Le sport est une pratique ritualisée, construite autour de coutumes intégrées et transmises, de marqueurs d’appartenance qui consacrent l’identité des pratiquants et des supporteurs. Le baseball participe à une telle règle, en codifiant très rapidement les éléments de son rite : présentation des hymnes nationaux, chant de la septième manche, le cri
« Play Ball » qui scande le début d’une partie, autant d’éléments qui instaurent une certaine chorégraphie à chaque match. Or, un élément majeur participe à cette scénographie sans qu’on ait bien jugé, à ce jour, de son importance :
la description de la joute, fonction remplie par un personnage attitré, payé par l’équipe et qui en incarne la voix officielle, le descripteur. Sa manière de conter le match, sa présence quotidienne, ses manies langagières, sa communication directe avec les partisans en font un pôle incontournable du rituel sportif. Dans cette communication, j’entends évaluer succinctement la mise en scène de ce personnage, tant dans des films populaires (Major League, A League of their Own, Un été sans point ni coup sûr) que dans des romans contemporains (Underworld de Don DeLillo, Rat Palms de David Homel) afin de cartographier les fonctions mémorielles et de transmissions attribuées à cette figure en fonction de son insertion dans le récit, de son autorité narrative et de sa place dans la hiérarchie sociale qu’est le microcosme sportif.

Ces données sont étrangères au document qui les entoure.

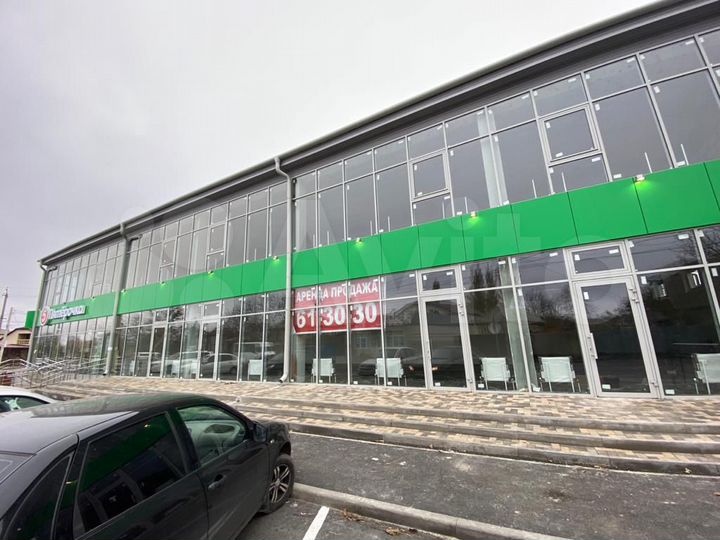 Свободного назначения, 740 м²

De cette manière, le baseball en tant que narration continuelle, ressassement qui unit les générations, sera intimement lié à celui qui organise le récit, qui lui impose ses passages obligés, qui en module la mémoire. Cette communication fera alors l’hypothèse que le rite du baseball varie peu dans les fictions parce que le descripteur s’arroge le rôle de gardien des traditions. Le rite ici est un savoir partagé transmettant le poids d’un passé sportif qui édifie le présent et le met en perspective. L’affiliation qu’il suppose nécessite un héraut : le descripteur.